Montreal·Map

Contaminated dumps could be beneath 100s of Montreal homes and parks

There are 62 former garbage dumps on the Island of Montreal, many now buried beneath parks and residential lots, a CBC/Radio-Canada investigation has shown.

City has secret list of 62 former garbage dumps that were covered over but never decontaminated

There are 62 sites that are either confirmed or suspected former landfills. The ground may be contaminated in several of them. (Google Maps)

There could be as many as 62 former garbage dumps on the Island of Montreal that are now buried beneath parks and residential lots, a CBC/Radio-Canada investigation has shown.

A list of these old dumping grounds, dated 1994, was obtained through an access-to-information request to the City of Montreal.

According to that list, of the 62 locations, 24 are certified former landfills and 38 are possible landfills and dumps.

Slightly more than half of them are located in areas that are now zoned residential. Twenty former dumps are located on public land, and some are beneath municipal parks.

Explore the map below to see more details of Montreal's former landfills and dump sites.

'A bombshell,' says developer

The former Villeray landfill now has hundreds of homes built on top of it.  The old De Lorimier quarry near Rosemont Park is another former dump where 13 apartment buildings now stand.

"This is a bombshell," said Angelo Renda, an engineer and vice-president of Axnor Developments, a property development firm.

"This kind of data is available but hidden from the public, so residences were built on top, but property owners don't have the information."
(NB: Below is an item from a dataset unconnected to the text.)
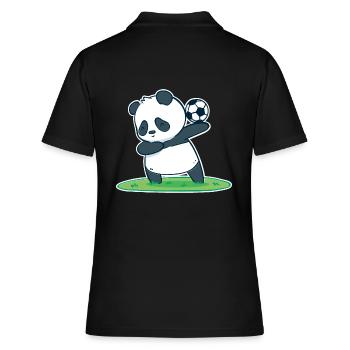 Balle de joueur de football de joueur de football de panda drôle - Polo Femme - noir - Dos - Ailine (174cm)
City says it didn't know of list's existence

After Radio-Canada's initial report on the old dumps, Montreal's current administration said it never knew about the list, and it has promised to publish updated information.

"We will produce a map with the quarries that became dump sites. It will be on our website," said Réal Ménard, the Montreal executive committee member responsible for the environment.

Condo project axed, property seized

Renda was personally affected by this hidden information.

He bought a property that he did not know was built on an old landfill. 

A study he read before making the purchase showed the soil on the property was clean. But when he wanted to tear down the house to build condominiums, he was told to test for contamination. 

It turned out the property was contaminated to a depth of 10 metres.

That's when he learned the land's true history. 

The des Carrières garbage incinerator was opened in 1929 and closed in 1993. Waste from incinerators like this were dumped in old quarries then covered up. (City of Montreal)

Renda's financial backer won't pay for the decontamination, and the house has been seized.

"I feel cheated and robbed, because we paid good money for this house," Renda said.

"The city polluted it because they had the incinerator, they had their own landfill here. They should pay for everybody."

Montreal officials have now said they'll conduct tests on the contaminated sites to see if they represent any hazard.

What the city won't commit it to is providing financial help to owners whose homes were built on old dumps to help them decontaminate their property.